» **TASK OBJECTIVE**
Every picture should be left out, but the lines below must be repeated exactly.

» **DATA BLOCK**
········

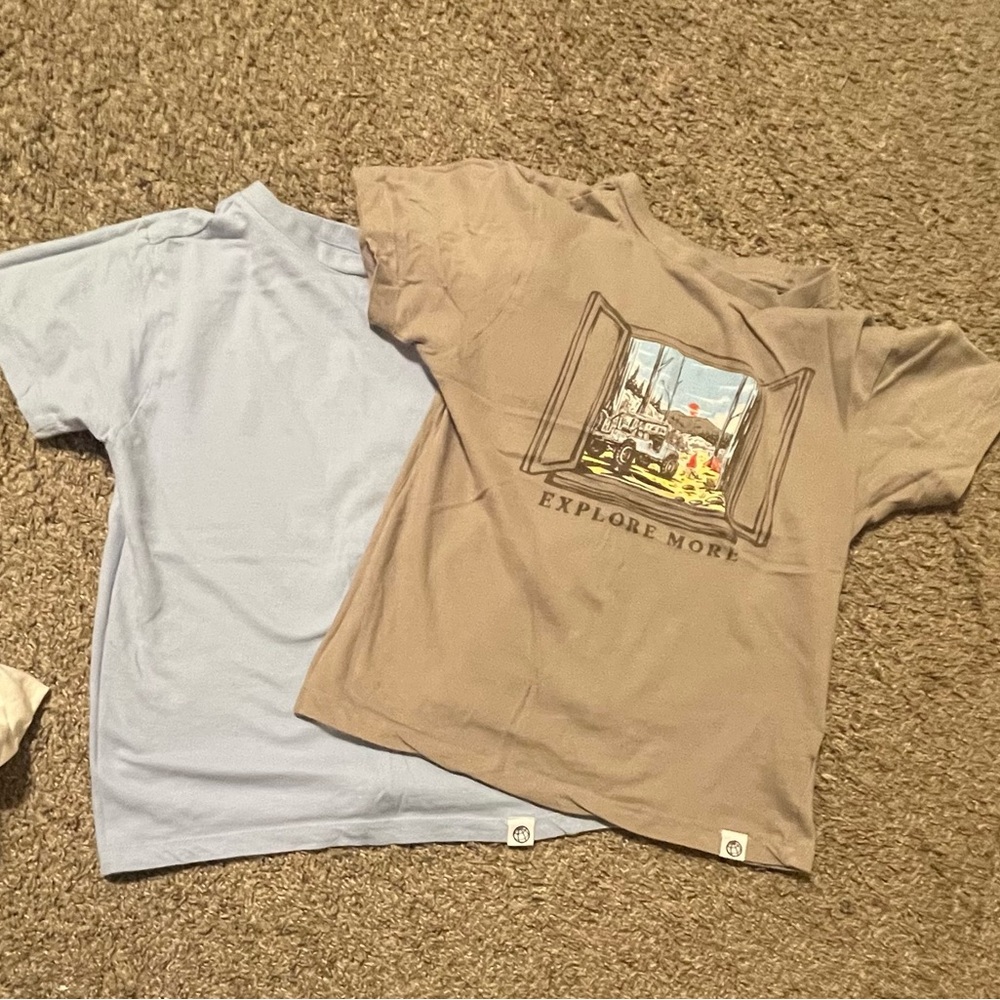 Free Planet Explore More Window Graphic Tee - Khaki & Light Blue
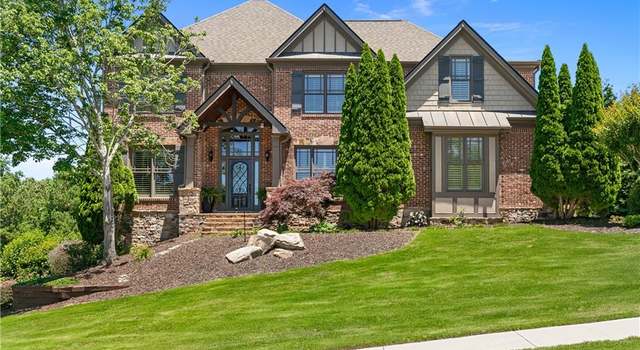 Photo of 4526 Meadowland Way, Flowery Branch, GA 30542
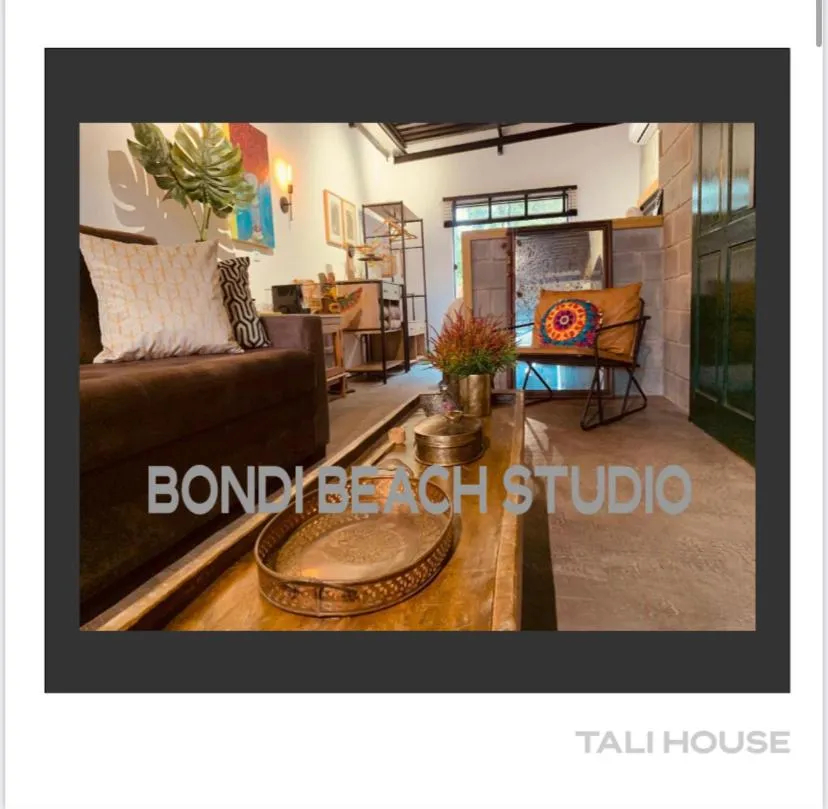 Photo of the whole room in TALI HOUSE - Casa Hotel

········

» **OUTPUT FOR THIS TASK**
 Free Planet Explore More Window Graphic Tee - Khaki & Light Blue
 Photo of 4526 Meadowland Way, Flowery Branch, GA 30542
 Photo of the whole room in TALI HOUSE - Casa Hotel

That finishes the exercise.